MATERIAL FOR THIS EXERCISE below:

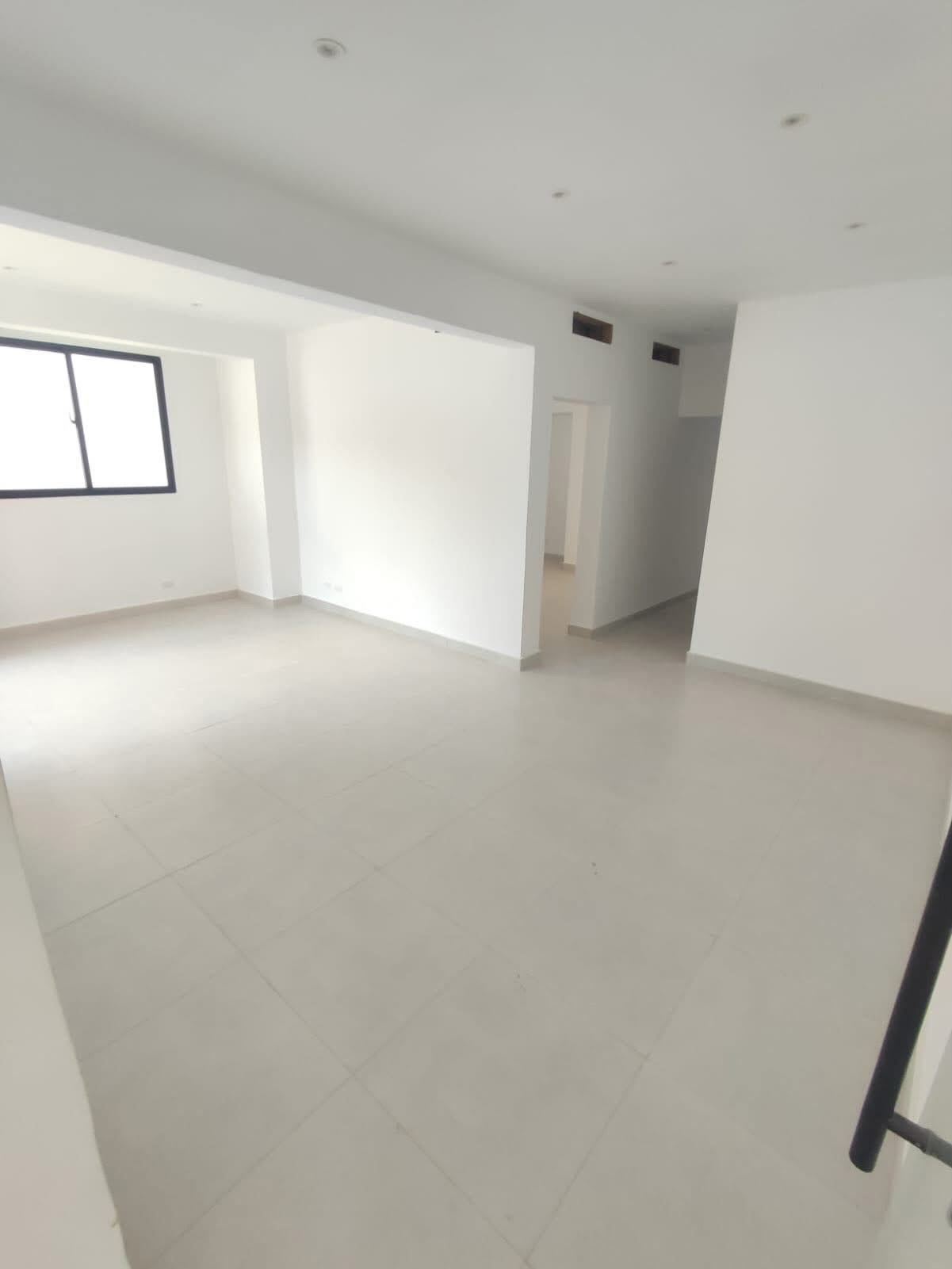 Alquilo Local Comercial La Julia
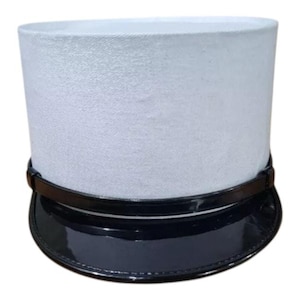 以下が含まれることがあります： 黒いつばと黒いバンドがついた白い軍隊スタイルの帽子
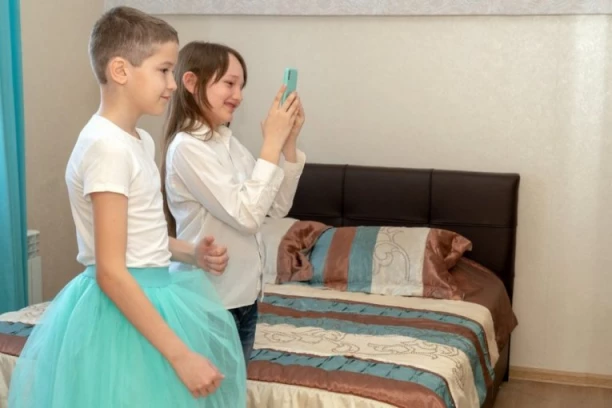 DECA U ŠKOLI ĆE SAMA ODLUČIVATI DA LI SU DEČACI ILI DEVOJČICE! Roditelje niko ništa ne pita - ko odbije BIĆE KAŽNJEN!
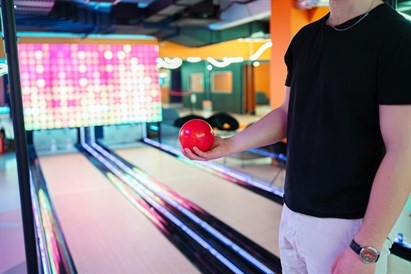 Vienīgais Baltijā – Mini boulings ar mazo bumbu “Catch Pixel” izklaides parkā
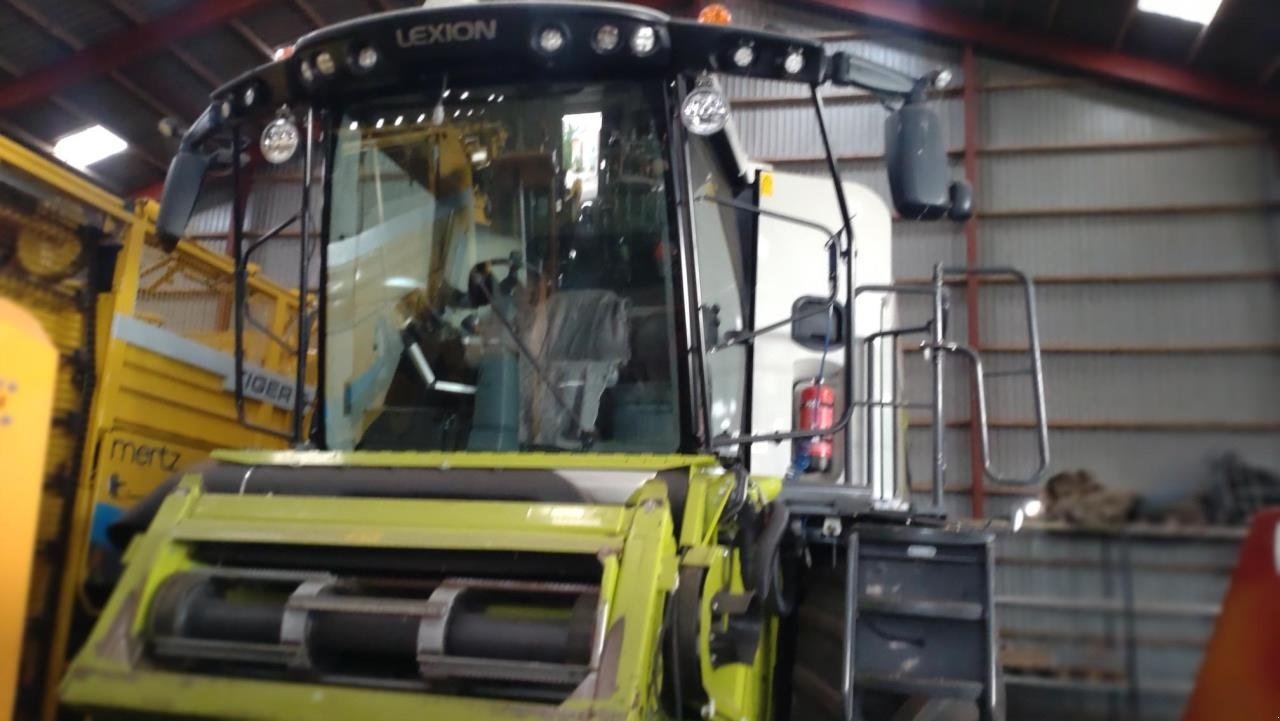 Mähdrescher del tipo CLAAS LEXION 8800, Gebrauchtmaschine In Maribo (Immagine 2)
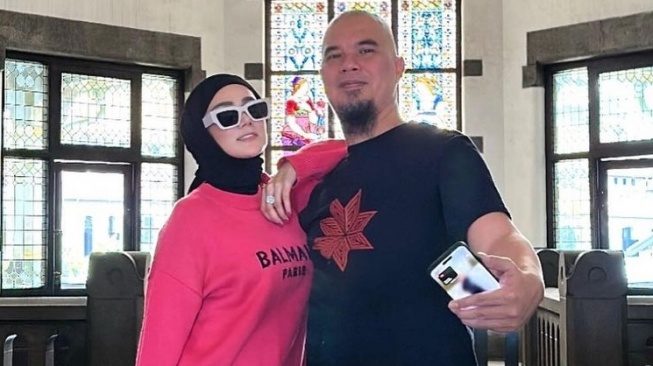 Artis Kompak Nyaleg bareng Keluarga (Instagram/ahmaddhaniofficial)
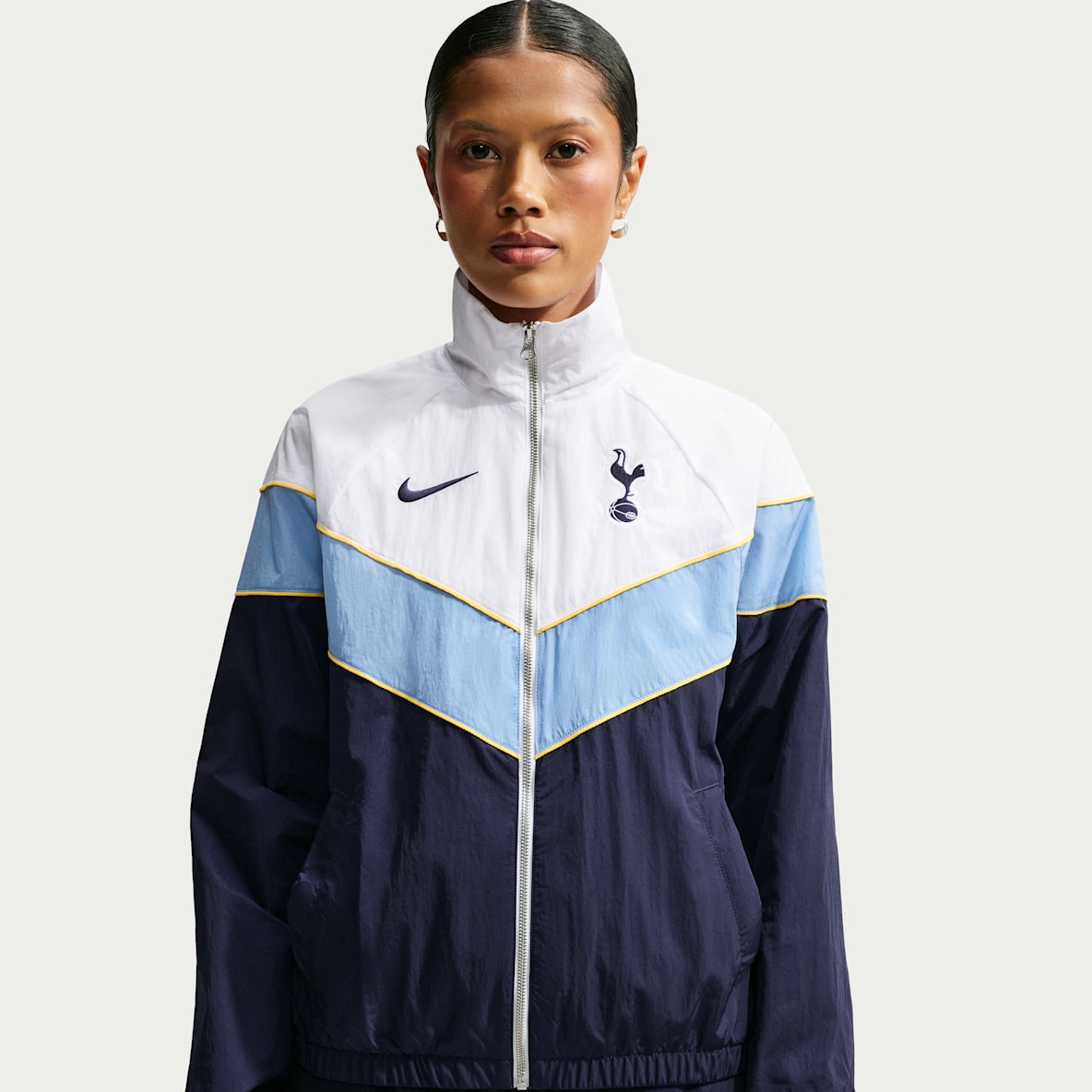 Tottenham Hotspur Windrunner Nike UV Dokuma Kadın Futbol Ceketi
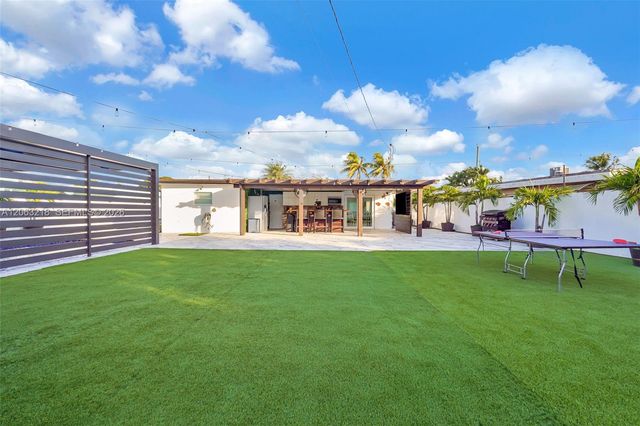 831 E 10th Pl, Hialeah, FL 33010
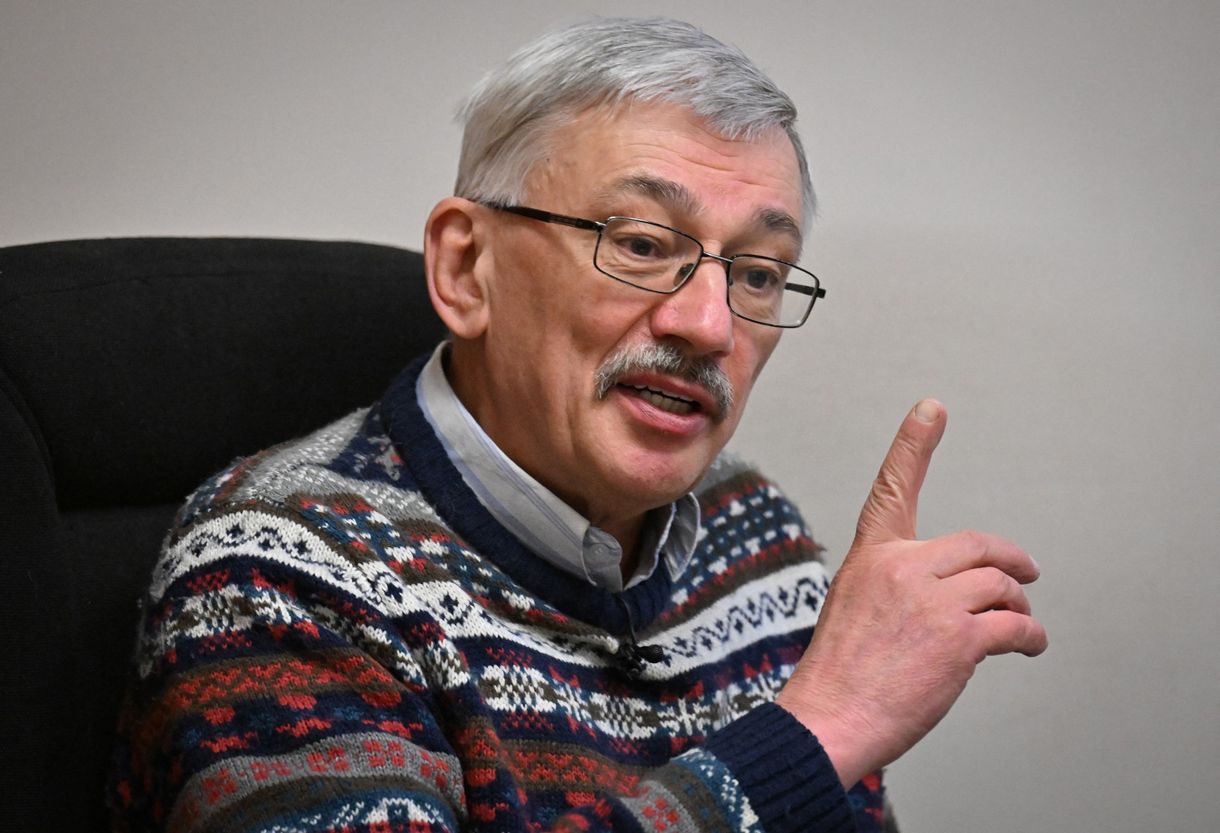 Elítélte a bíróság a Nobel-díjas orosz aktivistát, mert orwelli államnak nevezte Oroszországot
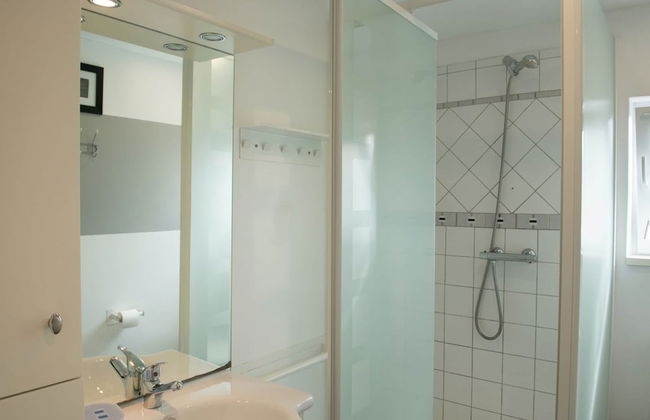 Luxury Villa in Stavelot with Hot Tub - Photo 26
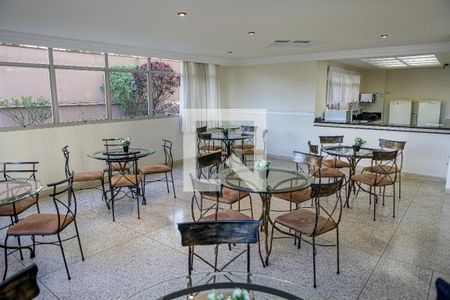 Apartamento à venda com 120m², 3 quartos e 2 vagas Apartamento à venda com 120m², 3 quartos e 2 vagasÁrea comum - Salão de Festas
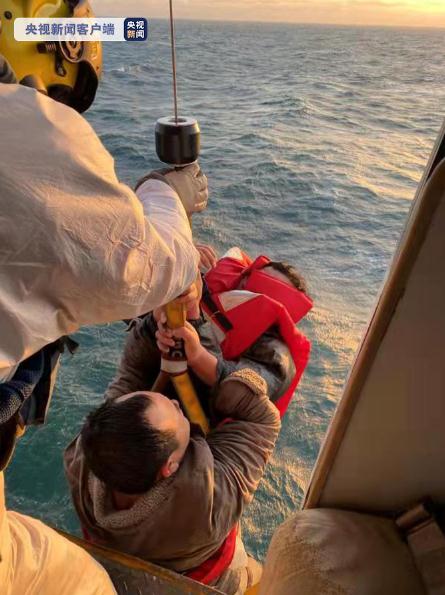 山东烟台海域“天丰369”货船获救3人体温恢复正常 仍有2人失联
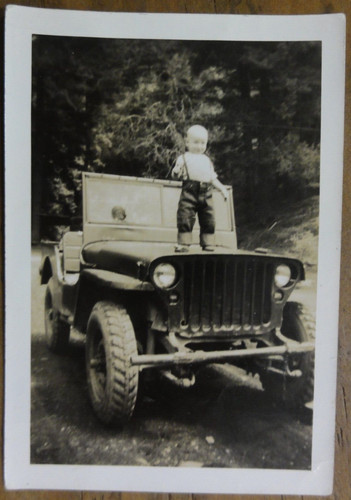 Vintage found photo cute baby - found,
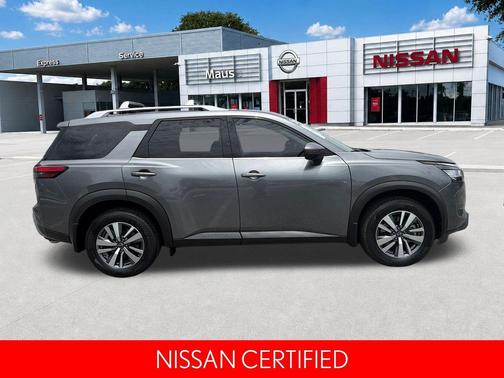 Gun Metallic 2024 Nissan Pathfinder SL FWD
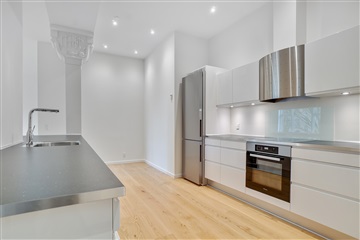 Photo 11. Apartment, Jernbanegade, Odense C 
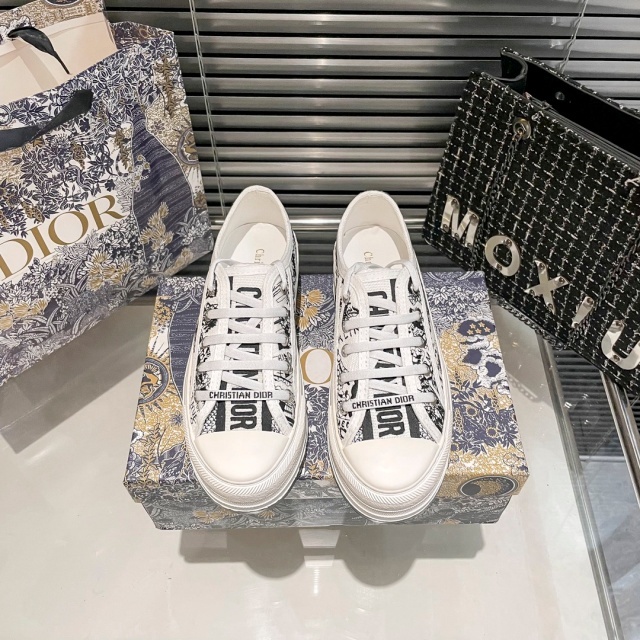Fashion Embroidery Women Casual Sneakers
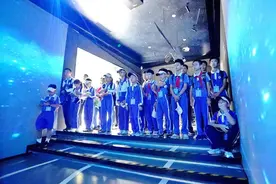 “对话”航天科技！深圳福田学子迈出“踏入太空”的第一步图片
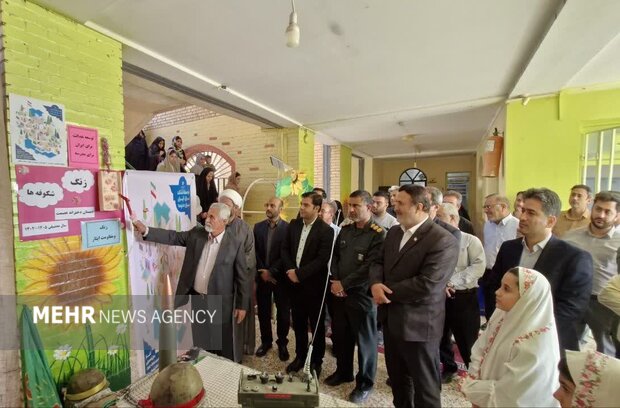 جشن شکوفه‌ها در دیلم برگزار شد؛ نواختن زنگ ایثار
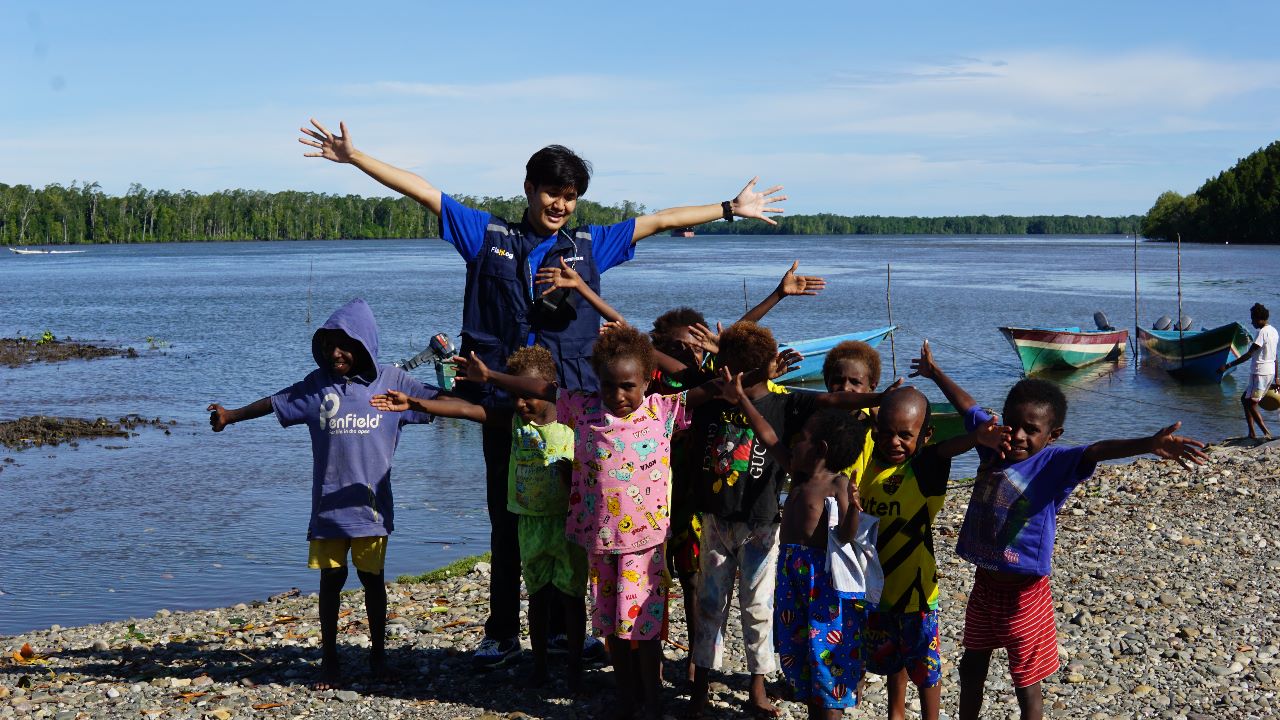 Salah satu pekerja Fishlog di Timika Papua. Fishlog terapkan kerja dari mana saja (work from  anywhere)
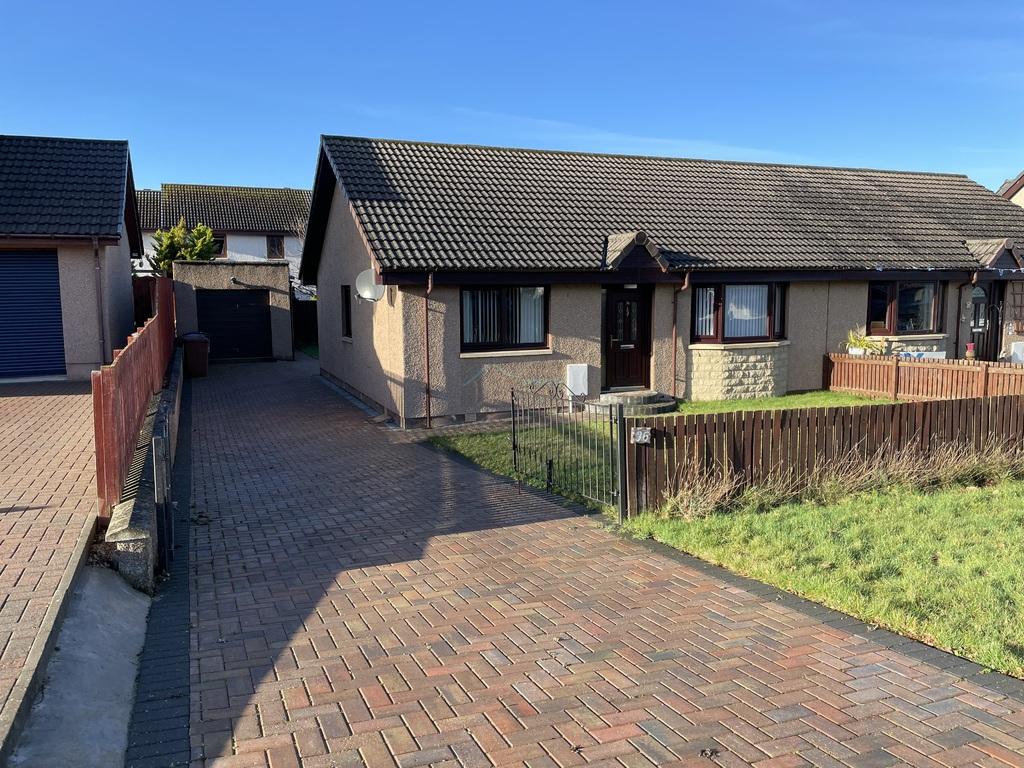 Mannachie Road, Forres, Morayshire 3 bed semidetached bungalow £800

End of MATERIAL FOR THIS EXERCISE.

» PROBLEM STATEMENT
Return exactly the lines of the material above, starting at the line containing "Tottenham Hotspur Windrunner" and finishing at the line containing "Apartamento à venda com 120m², 3 quartos e 2 vagas Apartamento", without any pictures.

» YOUR SOLUTION
 Tottenham Hotspur Windrunner Nike UV Dokuma Kadın Futbol Ceketi
 831 E 10th Pl, Hialeah, FL 33010
 Elítélte a bíróság a Nobel-díjas orosz aktivistát, mert orwelli államnak nevezte Oroszországot
 Luxury Villa in Stavelot with Hot Tub - Photo 26
 Apartamento à venda com 120m², 3 quartos e 2 vagas Apartamento à venda com 120m², 3 quartos e 2 vagasÁrea comum - Salão de Festas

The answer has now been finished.